■ **ENTRIES SUPPLIED**

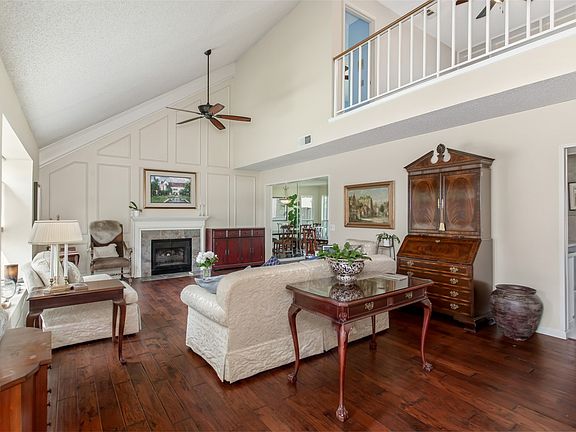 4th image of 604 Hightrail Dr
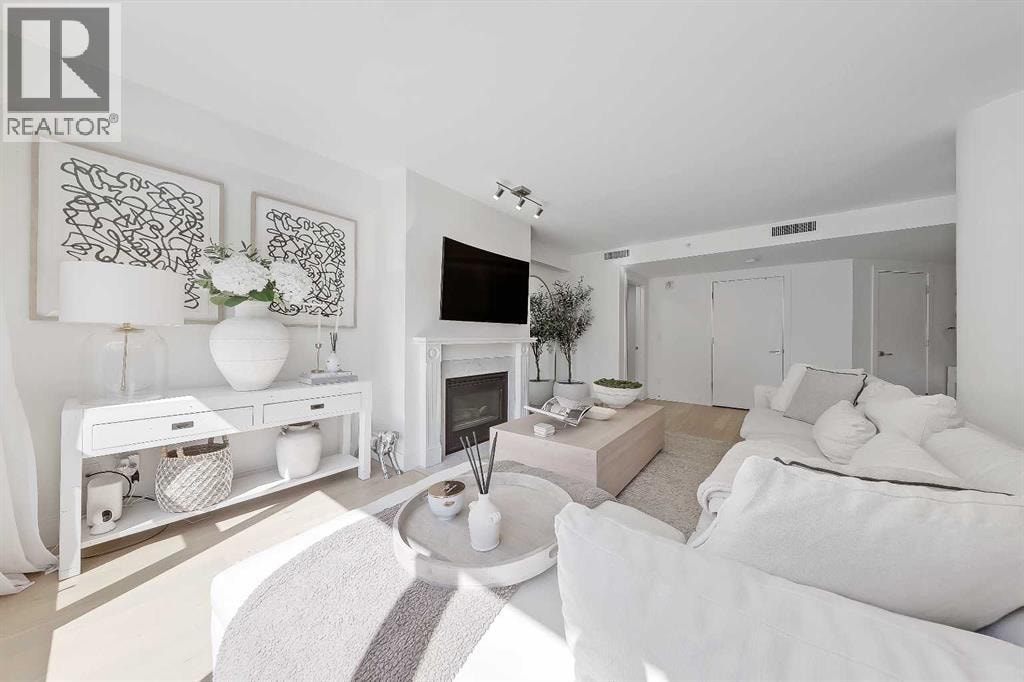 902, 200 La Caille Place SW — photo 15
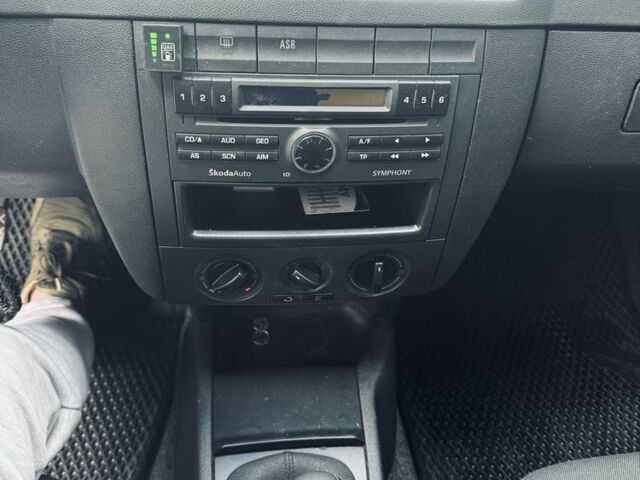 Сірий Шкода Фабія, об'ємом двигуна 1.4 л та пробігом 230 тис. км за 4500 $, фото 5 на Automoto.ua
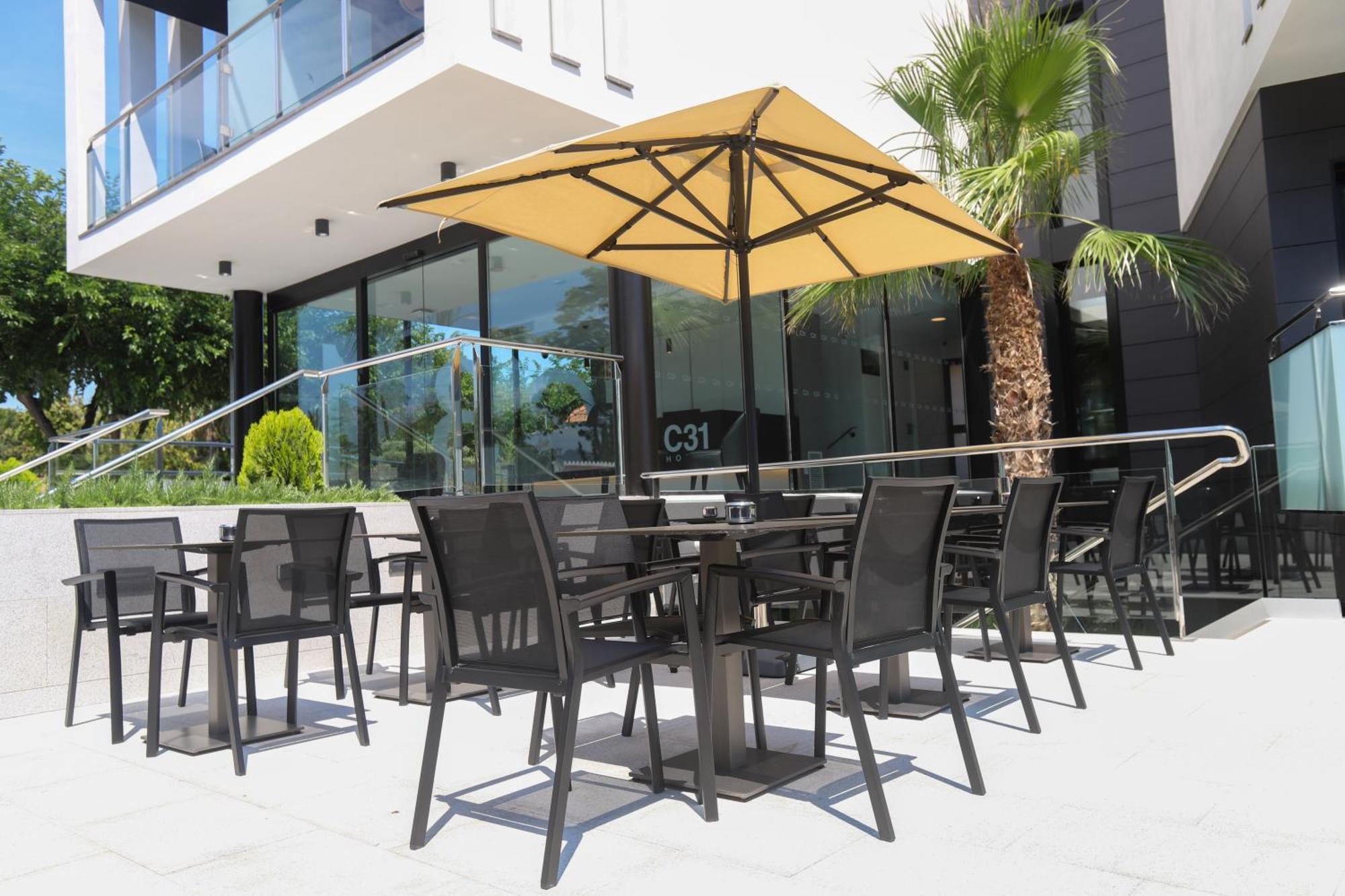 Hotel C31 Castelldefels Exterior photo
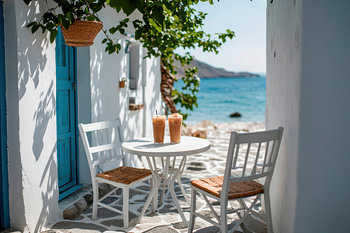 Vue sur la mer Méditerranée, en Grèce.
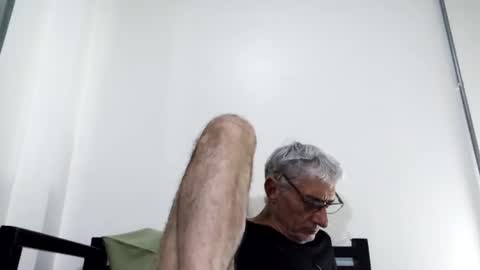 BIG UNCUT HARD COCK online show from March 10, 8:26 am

■ **WORK INSTRUCTION**
Leave out the pictures, and give all the records again exactly.

■ **SOLUTION BELOW**
 4th image of 604 Hightrail Dr
 902, 200 La Caille Place SW — photo 15
 Сірий Шкода Фабія, об'ємом двигуна 1.4 л та пробігом 230 тис. км за 4500 $, фото 5 на Automoto.ua
 Hotel C31 Castelldefels Exterior photo
 Vue sur la mer Méditerranée, en Grèce.
 BIG UNCUT HARD COCK online show from March 10, 8:26 am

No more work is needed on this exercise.